__Work required__
Beginning with the line that contains "Bồn cầu một khối C10527 - Grand Riviera", retype the entries below exactly, ending with the line that contains "Maytag Mrt118fff 30". Leave out any pictures.

__Information__
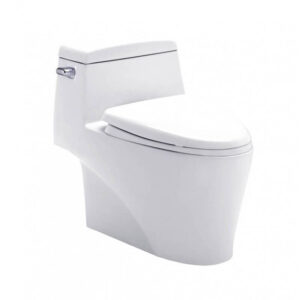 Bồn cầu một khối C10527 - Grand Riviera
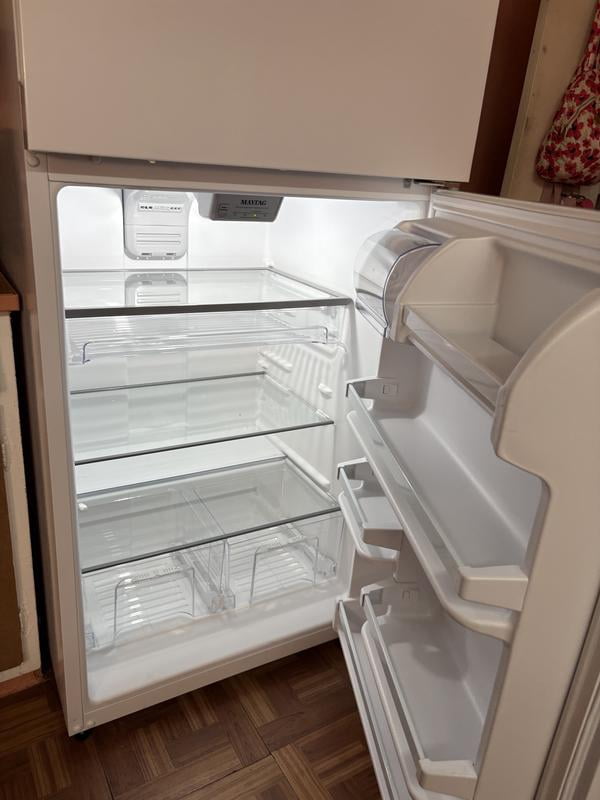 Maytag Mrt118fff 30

--

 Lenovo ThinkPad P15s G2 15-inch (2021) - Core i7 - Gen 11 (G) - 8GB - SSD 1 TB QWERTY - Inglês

--

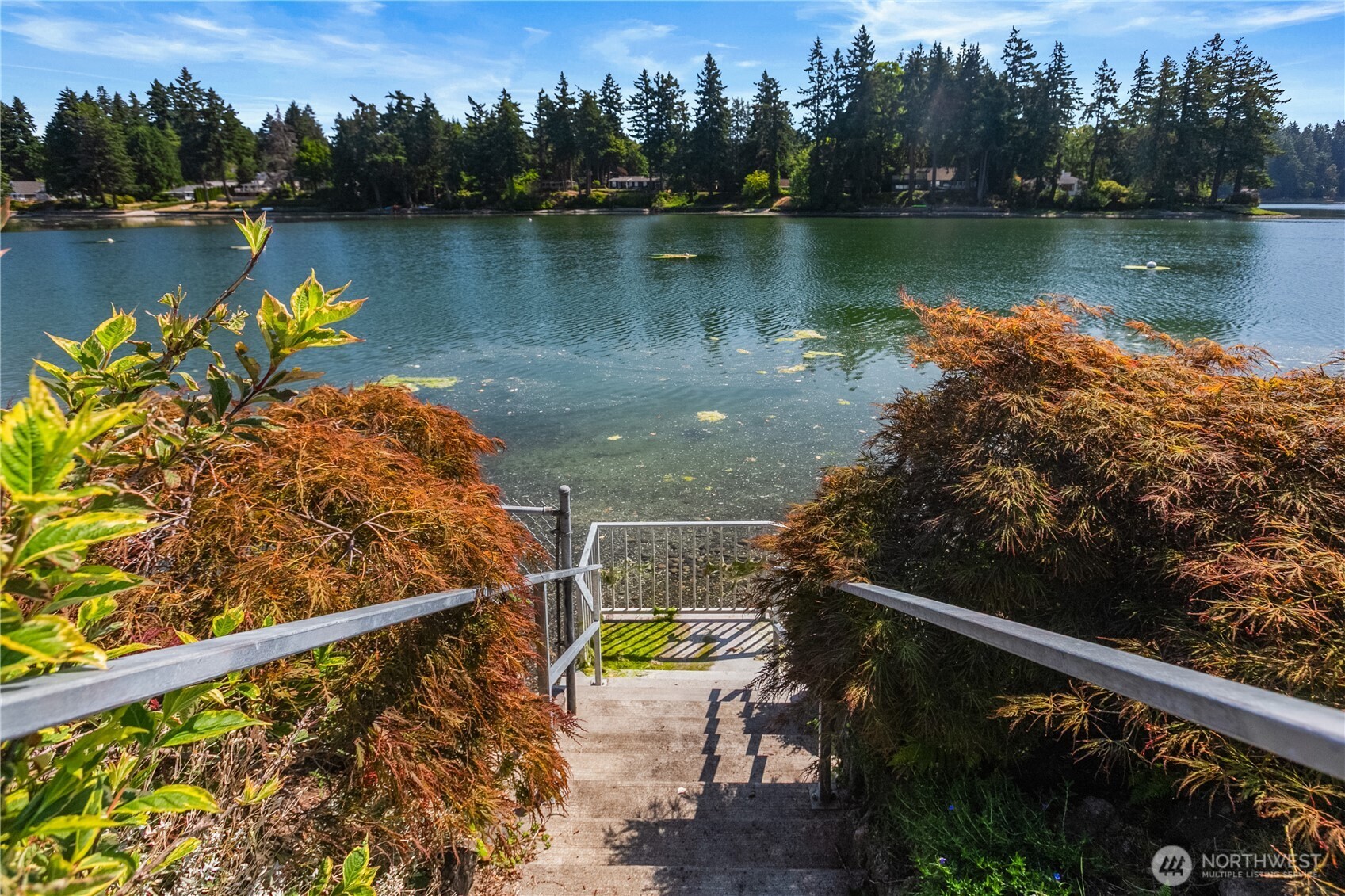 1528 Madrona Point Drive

__Reply to the exercise__
 Bồn cầu một khối C10527 - Grand Riviera
 Maytag Mrt118fff 30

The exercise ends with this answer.